# Question on fish stand



## Gunney87 (Aug 27, 2008)

Im about to buy a 55 gallon fish tank and was planning on putting it on a sturdy table i have however i think the tank is longer by 4 inches, is it possible to just center it and let it hang off each side by 2 inches? This would save me the money of buying a stand - thanks


----------



## iamntbatman (Jan 3, 2008)

That's a recipe for disaster. A fish tank needs to be supported along all four edges or else it will place stress on the joints and the tank will eventually fail. Also, keep in mind the weight of a full tank: a 55 gallon aquarium weighs 625 pounds full, with a tank heavily stocked with live rock and sand weighing substantially more. I wouldn't trust this weight on even the sturdiest of tables.


----------



## Gunney87 (Aug 27, 2008)

yea thats what i figured, anybody know where i could get a stand for cheap?


----------



## SKAustin (Aug 1, 2006)

http://www.fishforum.com/viewtopic.php?t=328


----------



## wake49 (Jul 2, 2008)

if you're a little handy, here's a DIY site that could help you.

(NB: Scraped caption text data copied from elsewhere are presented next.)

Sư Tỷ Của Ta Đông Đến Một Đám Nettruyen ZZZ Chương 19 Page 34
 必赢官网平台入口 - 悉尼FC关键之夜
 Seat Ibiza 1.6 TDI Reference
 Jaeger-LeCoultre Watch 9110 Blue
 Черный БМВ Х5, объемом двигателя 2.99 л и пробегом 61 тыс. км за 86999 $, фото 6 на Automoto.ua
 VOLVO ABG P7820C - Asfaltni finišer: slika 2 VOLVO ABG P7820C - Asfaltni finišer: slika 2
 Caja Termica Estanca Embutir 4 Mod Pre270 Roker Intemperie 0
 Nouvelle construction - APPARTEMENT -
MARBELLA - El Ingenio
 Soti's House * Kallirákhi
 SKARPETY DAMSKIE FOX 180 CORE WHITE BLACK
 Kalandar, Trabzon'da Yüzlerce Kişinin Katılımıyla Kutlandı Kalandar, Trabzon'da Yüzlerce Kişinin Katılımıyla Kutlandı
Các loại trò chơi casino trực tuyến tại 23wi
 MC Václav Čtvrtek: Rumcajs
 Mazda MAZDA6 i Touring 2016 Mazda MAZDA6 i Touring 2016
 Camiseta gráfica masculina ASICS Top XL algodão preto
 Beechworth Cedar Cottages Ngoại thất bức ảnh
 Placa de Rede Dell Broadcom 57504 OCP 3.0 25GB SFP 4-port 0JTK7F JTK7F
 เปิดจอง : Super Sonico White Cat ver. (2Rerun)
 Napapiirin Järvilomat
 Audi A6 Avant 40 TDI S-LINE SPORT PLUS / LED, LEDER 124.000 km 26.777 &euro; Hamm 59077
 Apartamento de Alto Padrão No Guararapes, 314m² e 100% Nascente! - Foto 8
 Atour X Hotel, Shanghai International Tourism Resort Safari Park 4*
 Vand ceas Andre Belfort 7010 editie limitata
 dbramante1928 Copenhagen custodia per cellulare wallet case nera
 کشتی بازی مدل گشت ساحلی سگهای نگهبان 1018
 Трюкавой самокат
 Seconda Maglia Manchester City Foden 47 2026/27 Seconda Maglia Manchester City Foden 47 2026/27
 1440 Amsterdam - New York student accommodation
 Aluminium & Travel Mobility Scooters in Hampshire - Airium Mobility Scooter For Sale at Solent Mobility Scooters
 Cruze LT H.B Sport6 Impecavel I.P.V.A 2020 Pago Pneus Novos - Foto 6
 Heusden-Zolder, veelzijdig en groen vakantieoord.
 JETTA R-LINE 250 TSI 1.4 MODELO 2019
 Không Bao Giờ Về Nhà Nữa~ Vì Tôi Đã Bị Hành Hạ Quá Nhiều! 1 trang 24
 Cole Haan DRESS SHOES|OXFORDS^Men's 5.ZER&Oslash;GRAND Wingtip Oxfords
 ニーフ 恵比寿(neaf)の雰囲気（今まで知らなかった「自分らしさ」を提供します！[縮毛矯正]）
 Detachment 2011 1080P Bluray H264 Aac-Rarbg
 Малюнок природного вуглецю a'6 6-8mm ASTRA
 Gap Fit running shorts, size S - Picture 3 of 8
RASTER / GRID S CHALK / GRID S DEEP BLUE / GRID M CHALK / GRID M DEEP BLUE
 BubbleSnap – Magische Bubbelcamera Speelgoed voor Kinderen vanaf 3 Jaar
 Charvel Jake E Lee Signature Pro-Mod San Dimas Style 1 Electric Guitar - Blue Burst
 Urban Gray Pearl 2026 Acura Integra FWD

http://www.cichlid-forum.com/articles/diy_list.php


----------



## aunt kymmie (Jun 2, 2008)

If you are not handy (such as myself!) you can also always look on the Craigslist in your area. That's where I found mine at 1/8 the price of retail and it was essentially brand new!


----------



## aunt kymmie (Jun 2, 2008)

If you are not handy (such as myself!) you can also always look on the Craigslist in your area. That's where I found mine at 1/8 the price of retail and it was essentially brand new!


----------